Diocese sells Sacred Heart church and former rectory in Holyoke

REGIONAL
Staff report

HOLYOKE – Sacred Heart Church in Holyoke and its former rectory have been sold, according to diocesan officials. The oldest Catholic church structure in the city of Holyoke, it has been closed since March 2017 when ceiling plaster began falling, rendering the worship site unsafe. Analysis of the church’s condition led to cost estimates that exceeded the parish’s financial ability.

The property was sold for $200,000 to Wollaston Real Estate Investments, LLC, a company with a history of renovating older properties, according to its website.

The sale did not include the parish center, which in addition to holding parish functions, also hosts Homework House, an independent after school tutoring program. 

An offshoot of St. Jerome’s Parish, Sacred Heart Parish was established in 1876 as a mission church to accommodate the growing Irish population in the Churchill neighborhood in Holyoke.
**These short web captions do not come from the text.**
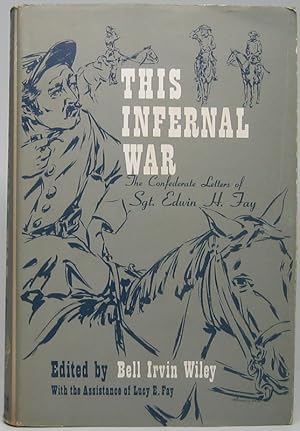 "This Infernal War": The Confederate Letters of Sgt. Edwin H. Fay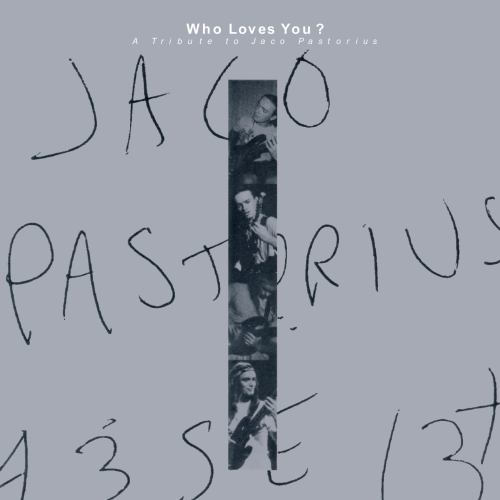 Album art work of Who Loves You A Tribute To Jaco Pastorius by Various Artists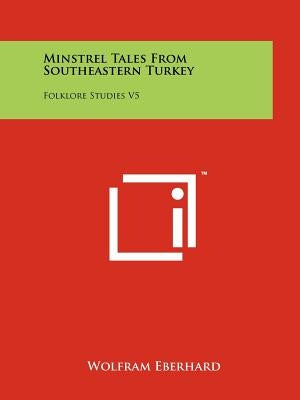 Minstrel Tales From Southeastern Turkey: Folklore Studies V5 by Eberhard, Wolfram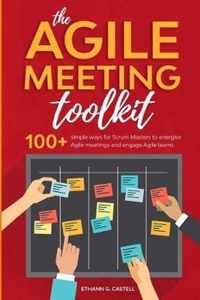 The Agile Meeting Toolkit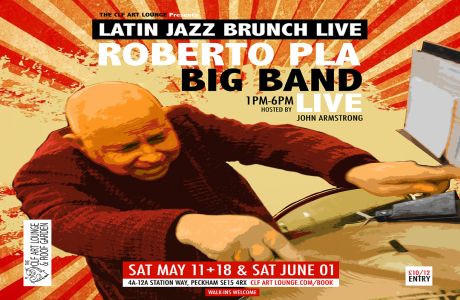 Latin Jazz Brunch Live with Roberto Pla Big Band (Live) and DJ John Armstrong, London, England, United Kingdom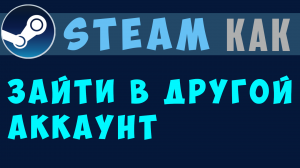СТИМ КАК ЗАЙТИ В ДРУГОЙ АККАУНТ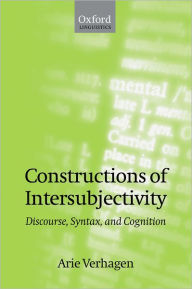 Title: Constructions of Intersubjectivity: Discourse, Syntax, and Cognition, Author: Arie Verhagen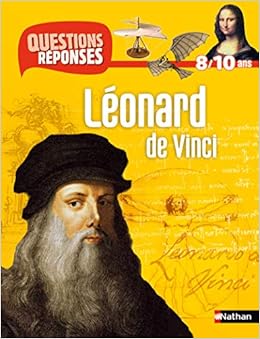 Leonard De Vinci Questions Reponses Doc Des 7 Ans 42 Amazon Fr Baussier Sylvie Mussat Xavier Nadel Olivier Livres Leonard De Vinci Questions Reponses Doc Des 7 Ans 42 Amazon Fr Baussier Sylvie Mussat Xavier Nadel Olivier Livres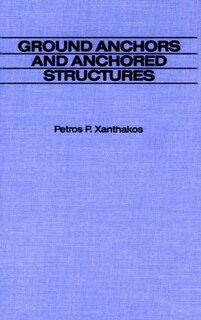 Front cover_Ground Anchors and Anchored Structures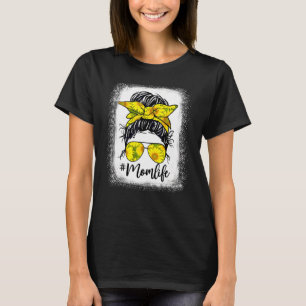 Sunflower Mom Life Messy Bun Bleached Motheru2019s T-Shirt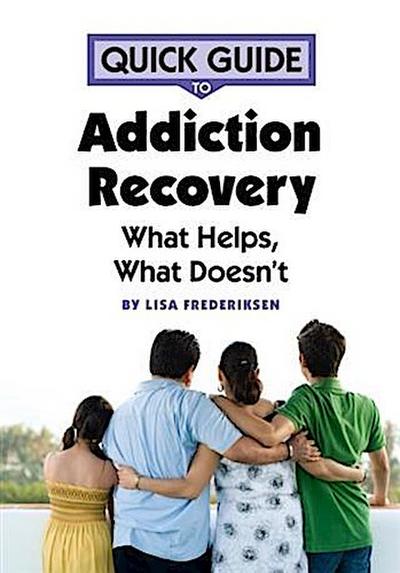 Quick Guide to Addiction Recovery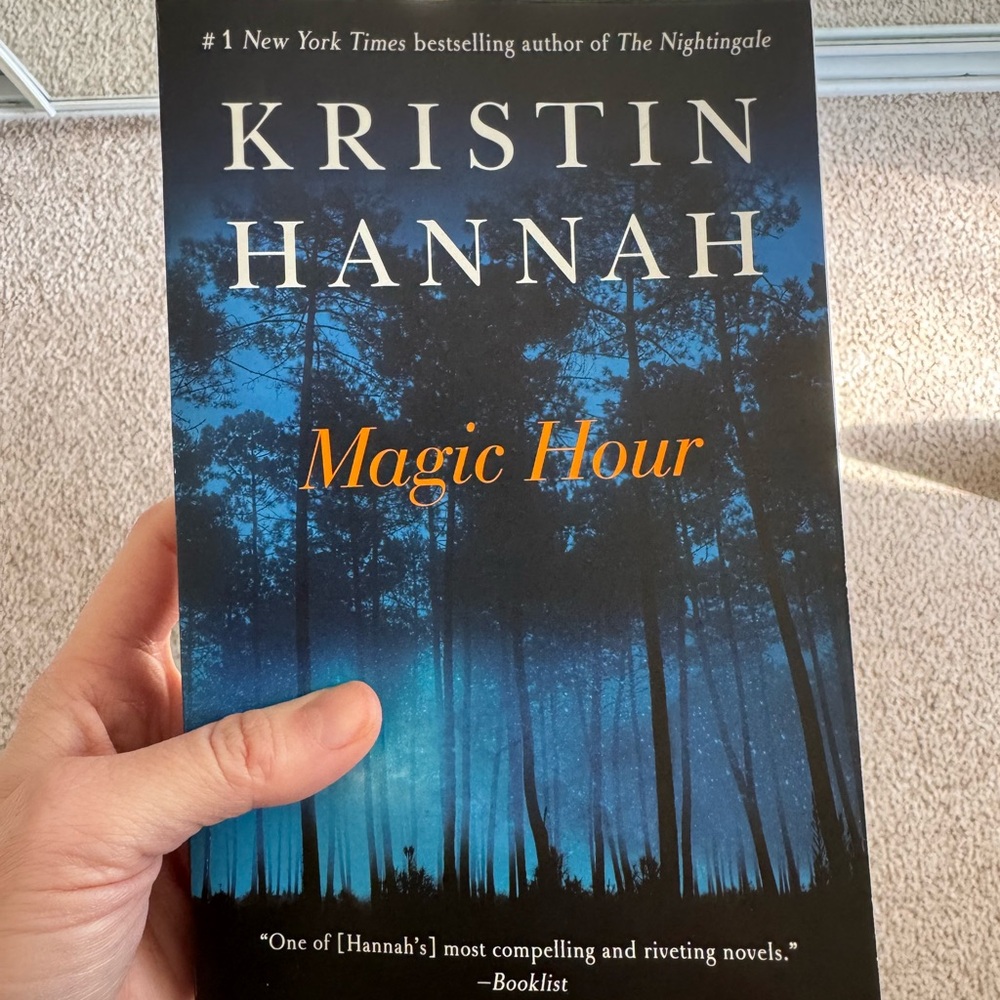 Magic Hour by Kristin Hannah Book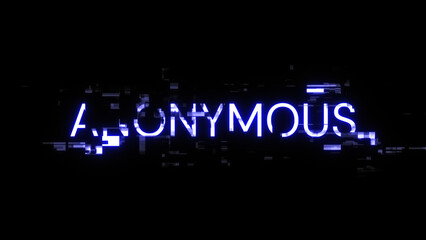 3D rendering anonymous text with screen effects of technological glitches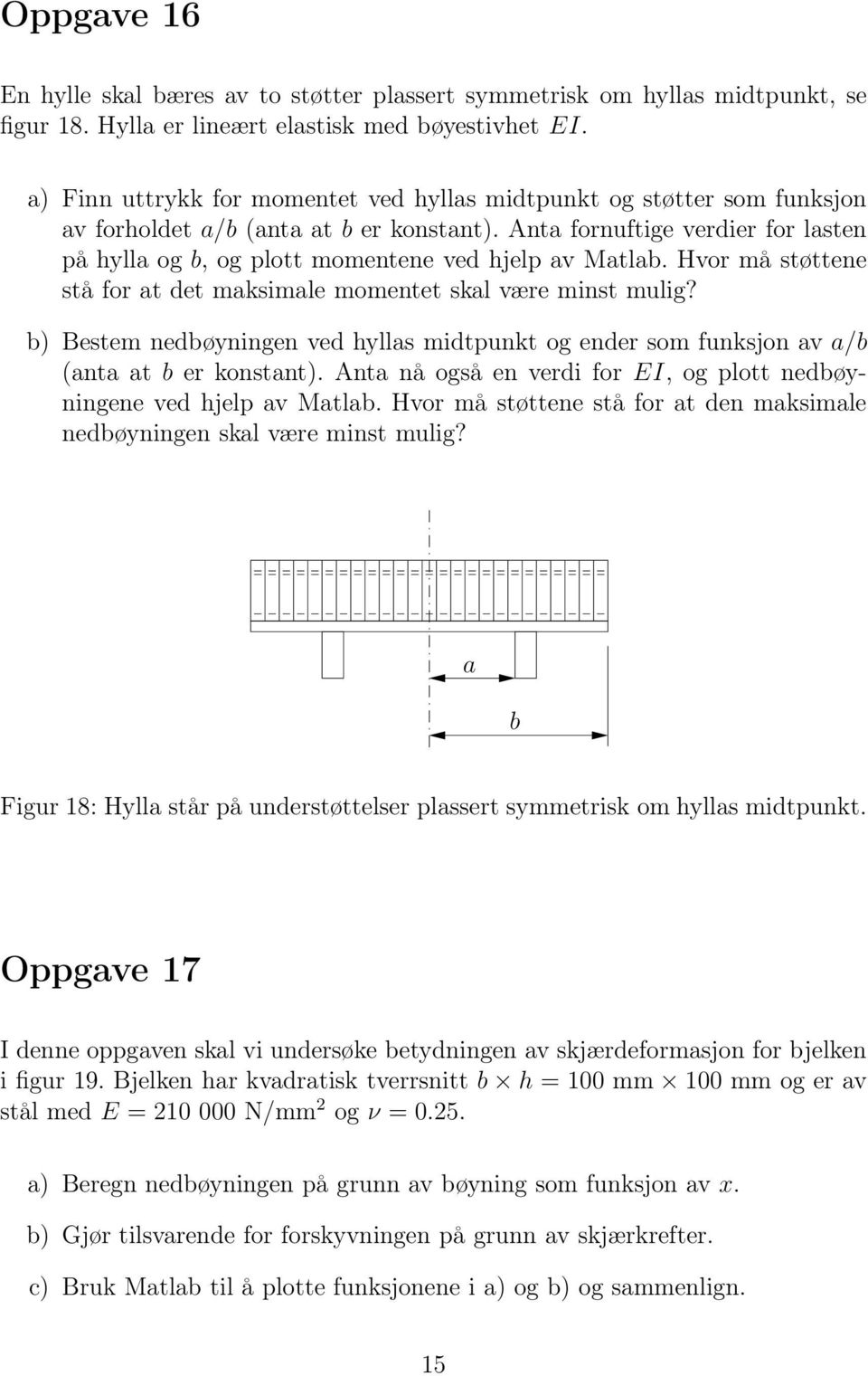 nta fornuftige verdier for lasten på hylla og b, og plott momentene ved hjelp av Matlab. Hvor må støttene stå for at det maksimale momentet skal være minst mulig?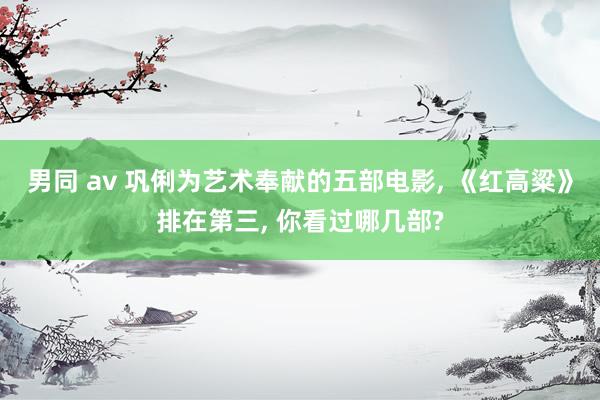 男同 av 巩俐为艺术奉献的五部电影， 《红高粱》排在第三， 你看过哪几部?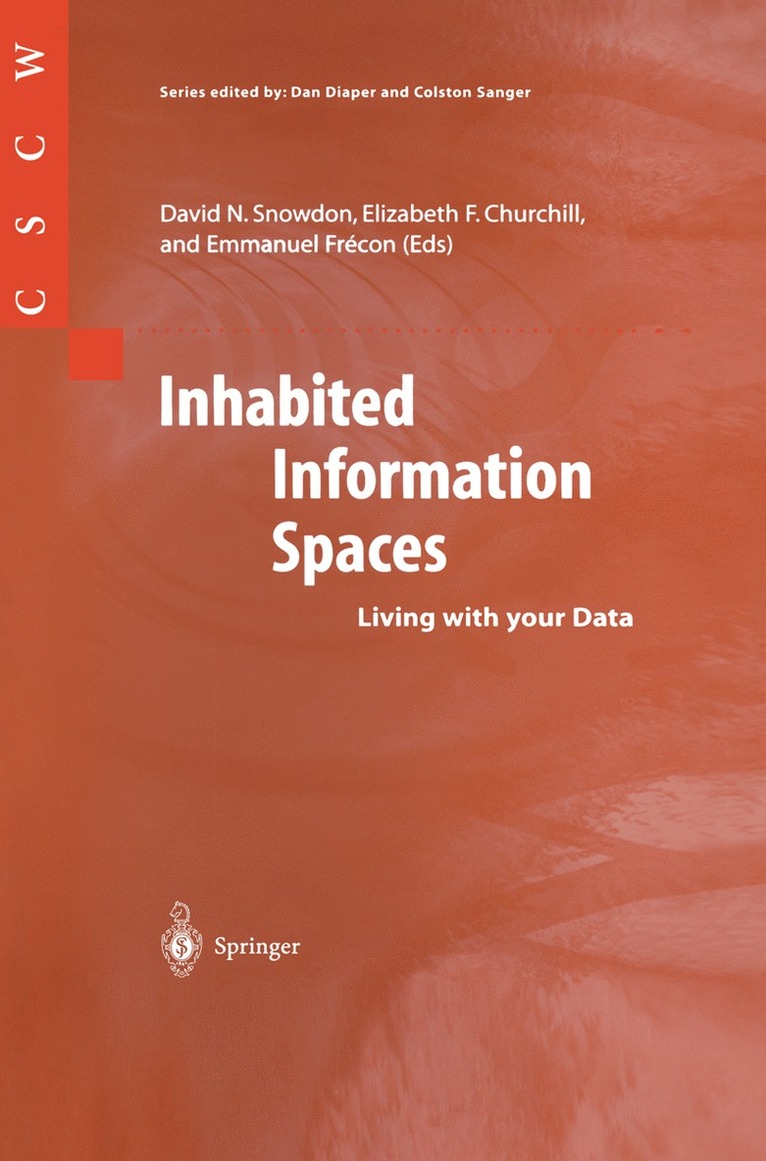 Inhabited Information Spaces 1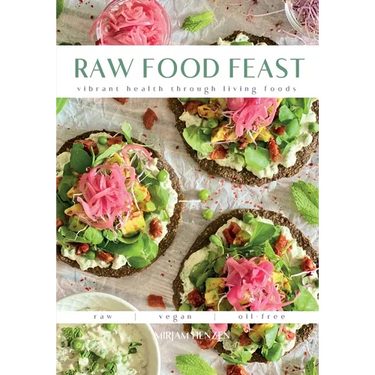 Raw Food Feast: Vibrant Health Through Living Foods
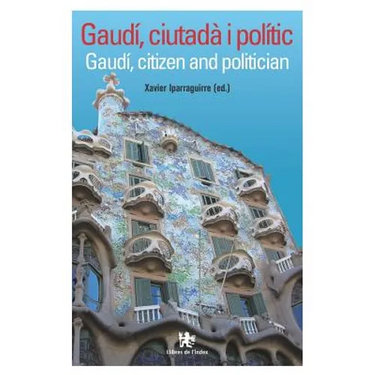 Gaudí, Ciutadà I Polític: Gaudí, Citizen and Politician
According to Historical Tours of Greater Holyoke, which documents the history of the city, Masses were initially held in the basement of the church from Christmas of 1876 until June of 1883, “when the nave was completed and the dedication happened.”

Although not the oldest Catholic parish in Holyoke, Sacred Heart was the oldest Catholic church structure.  That was because a fire severely damaged St. Jerome Church, the Mother Church of Holyoke in 1934 and construction on a new structure was undertaken in 1935.

Sacred Heart remained as a parish until 2000, when months after a devastating fire destroyed nearby Perpetual Help Church, it was re-established as Our Lady of Guadalupe Parish. With the closing of the church in 2017, worship was moved into the parish center and an adjacent chapel.

In 2020, a collaborative was created to share and coordinate resources for St. Jerome, Our Lady of Guadalupe, and Immaculate Conception parishes. That led to the merger of the three parishes in 2022.